• **Task statement**
In the records below, locate the line containing "this 1270×952 image."; output that line and every following line through the last, exactly.

Images for object localization
----------------

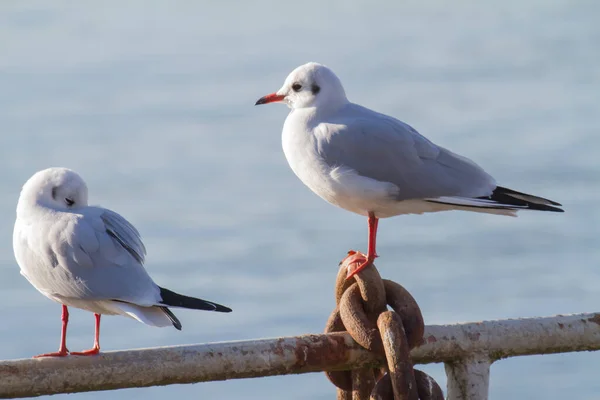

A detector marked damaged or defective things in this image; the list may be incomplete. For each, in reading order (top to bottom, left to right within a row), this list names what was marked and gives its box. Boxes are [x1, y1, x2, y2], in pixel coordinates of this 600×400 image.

rusty chain [324, 253, 446, 400]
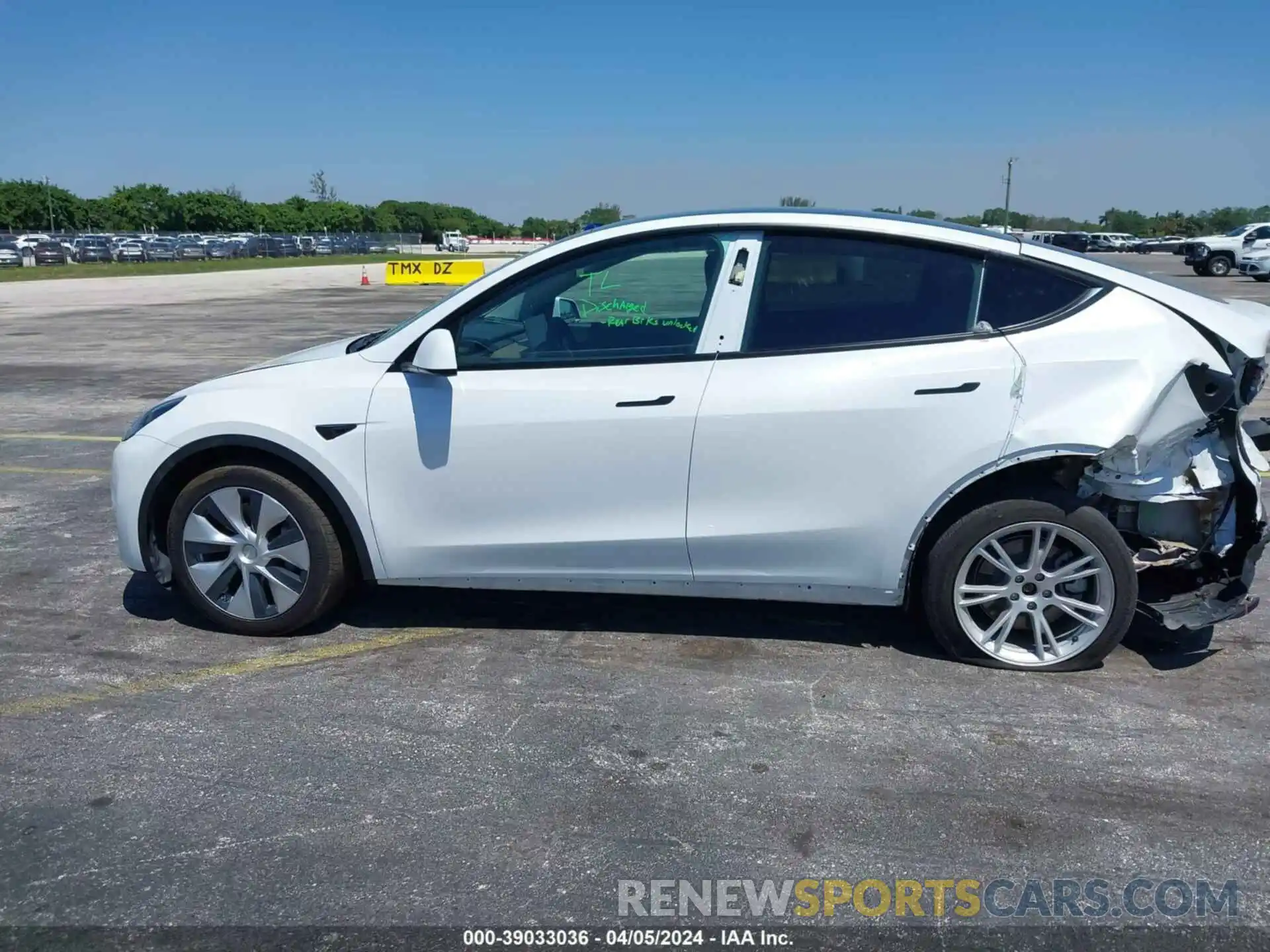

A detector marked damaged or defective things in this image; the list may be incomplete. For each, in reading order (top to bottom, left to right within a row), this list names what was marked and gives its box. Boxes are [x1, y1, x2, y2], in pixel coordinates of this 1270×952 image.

damaged white car [111, 210, 1270, 670]
exposed rear bumper damage [1077, 355, 1265, 629]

----------------

• **The answer**
A detector marked damaged or defective things in this image; the list may be incomplete. For each, in reading order (top to bottom, left to right within a row), this list names what was marked and gives its box. Boxes are [x1, y1, x2, y2], in pixel coordinates of this 1270×952 image.

damaged white car [111, 210, 1270, 670]
exposed rear bumper damage [1077, 355, 1265, 629]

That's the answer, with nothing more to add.